Source material below:
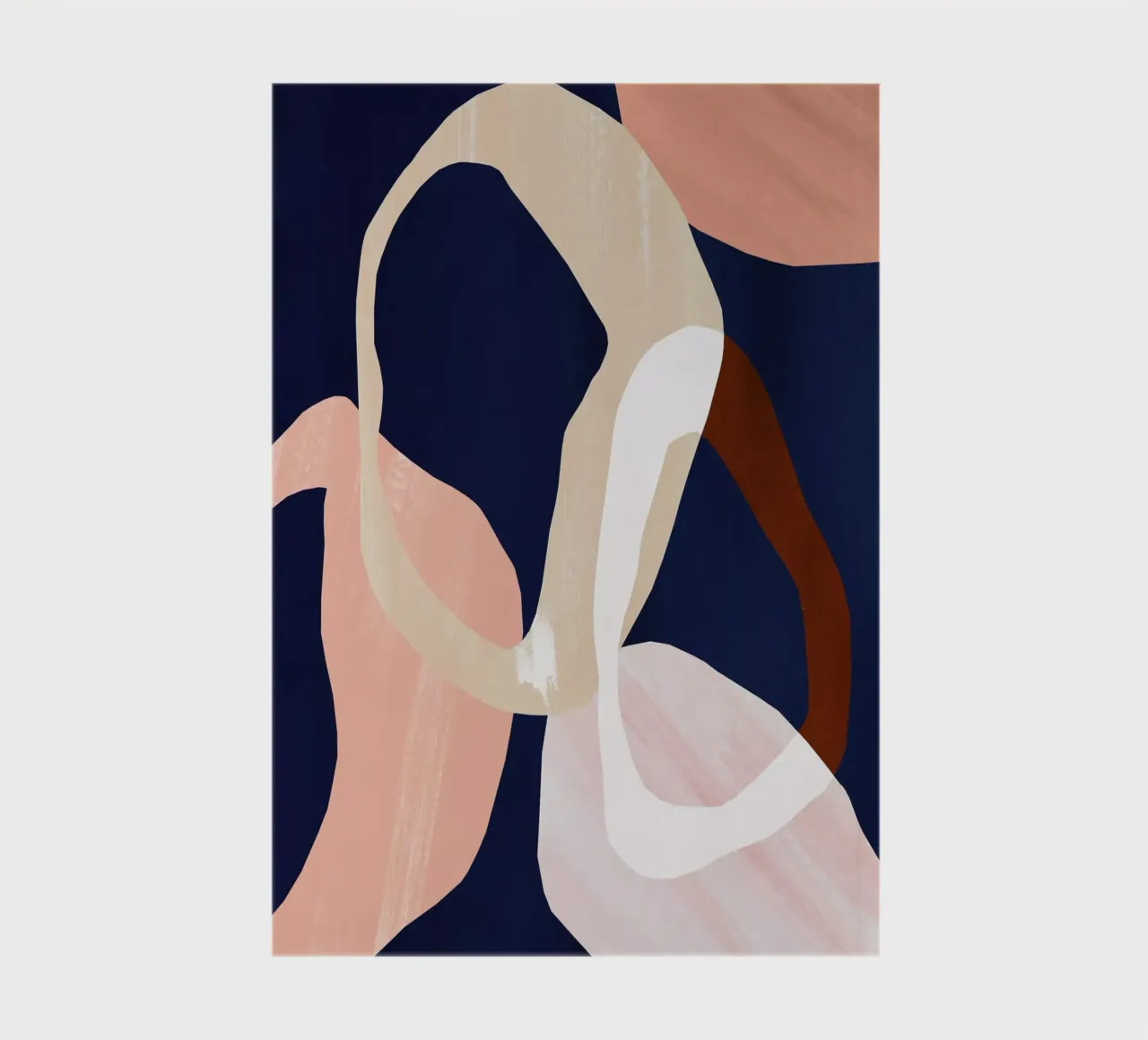 Gravure abstraite sombre en forme de cercle carnet de notes de Violets Print House
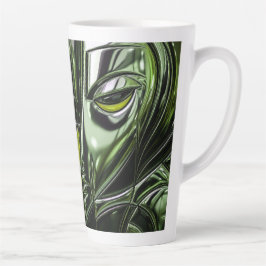Lime Glow Metaal Kunst Latte Mok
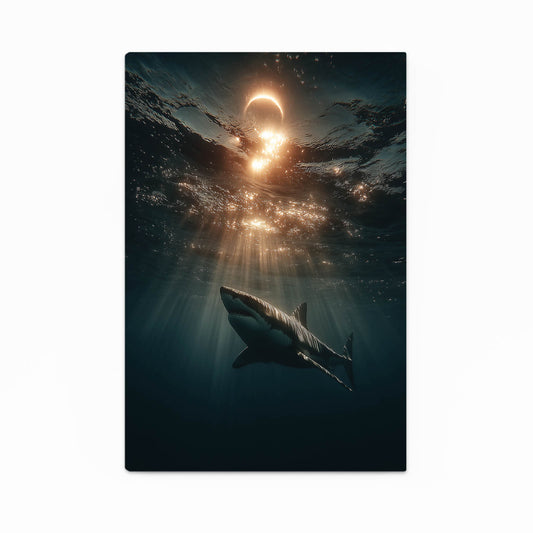 Eclipse Glow Deep Shark Art – eclipse glow deep shark canvas print
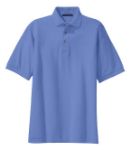 Port Authority Pique Knit Sport Shirts in Blueberry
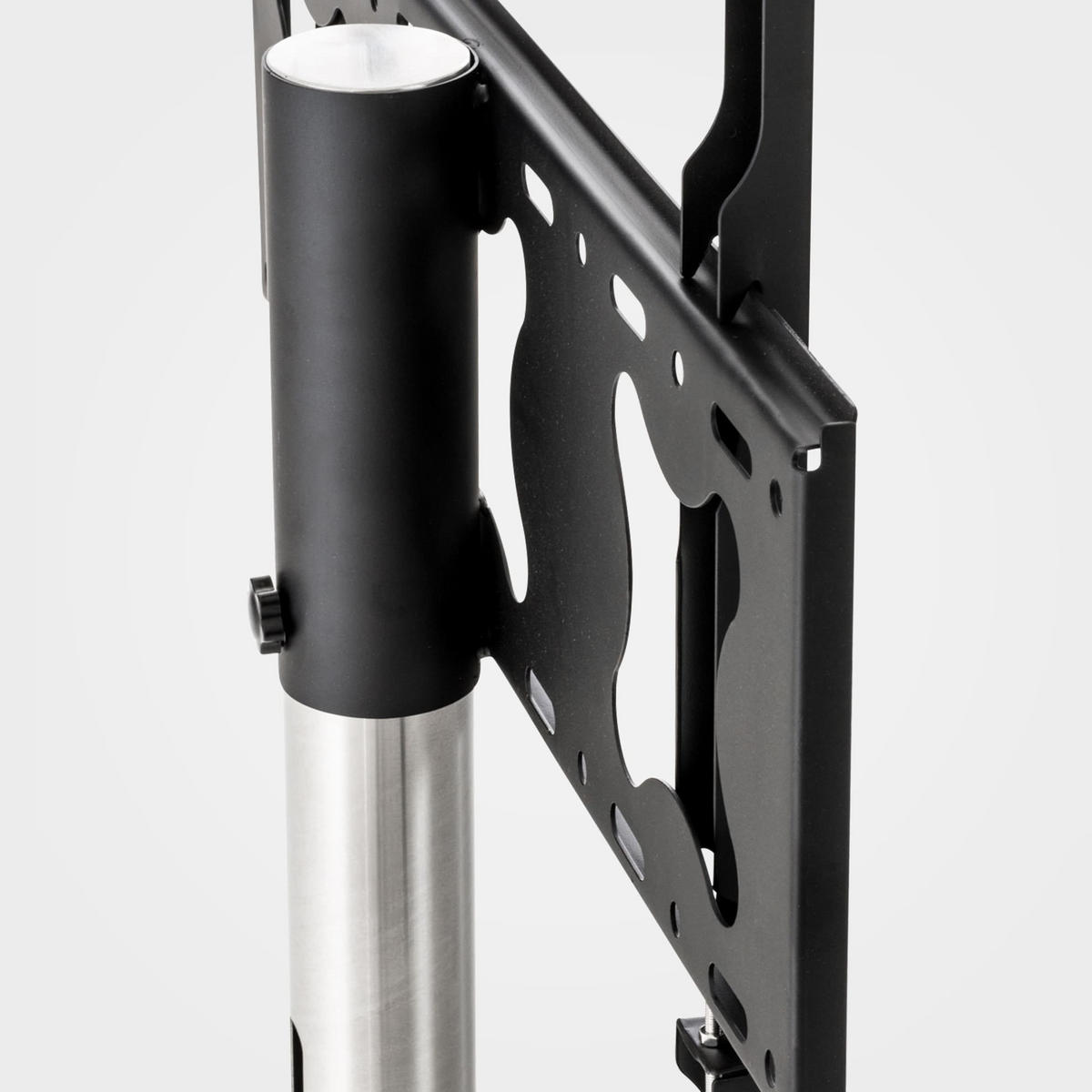 TV RACK Metall Edelstahl - Edelstahlfarben, Metall (64/100/53cm) - CLP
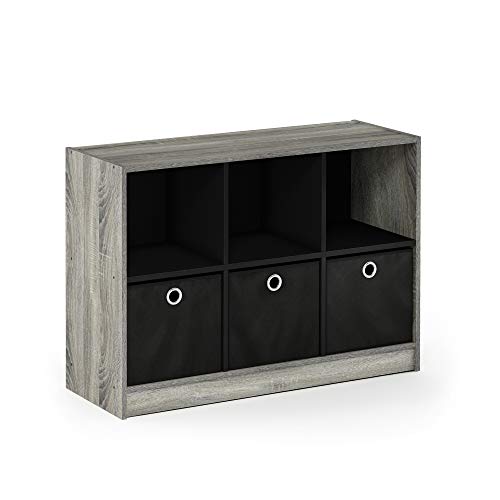 Furinno Basic 6-Cube Book Shelf with Open Shelf, 3 x | All Products - Image 6
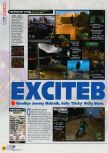 Scan of the review of Excitebike 64 published in the magazine N64 43, page 1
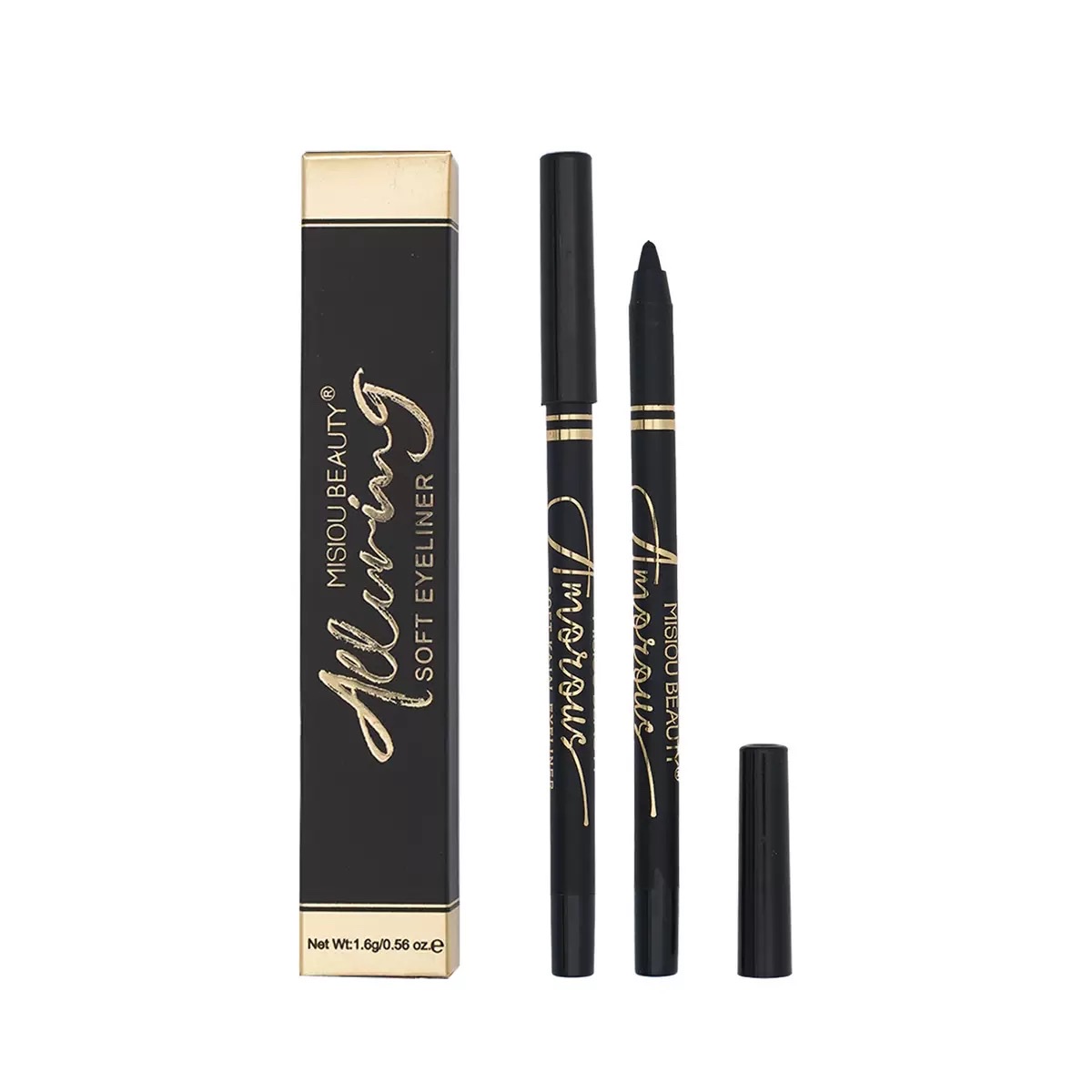 VANASPLENDOR外贸眼线笔持久防水防汗不晕染顺滑质地显色均匀易上色眼线胶笔白底实物图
End of Source material.
Activity | Keep to the stretch from the line containing "Port Authority Pique" through the line containing "Scan of the", both ends included, and copy it exactly from the listing above, minus the pictures.

Answer box |
 Port Authority Pique Knit Sport Shirts in Blueberry
 TV RACK Metall Edelstahl - Edelstahlfarben, Metall (64/100/53cm) - CLP
 Furinno Basic 6-Cube Book Shelf with Open Shelf, 3 x | All Products - Image 6
 Scan of the review of Excitebike 64 published in the magazine N64 43, page 1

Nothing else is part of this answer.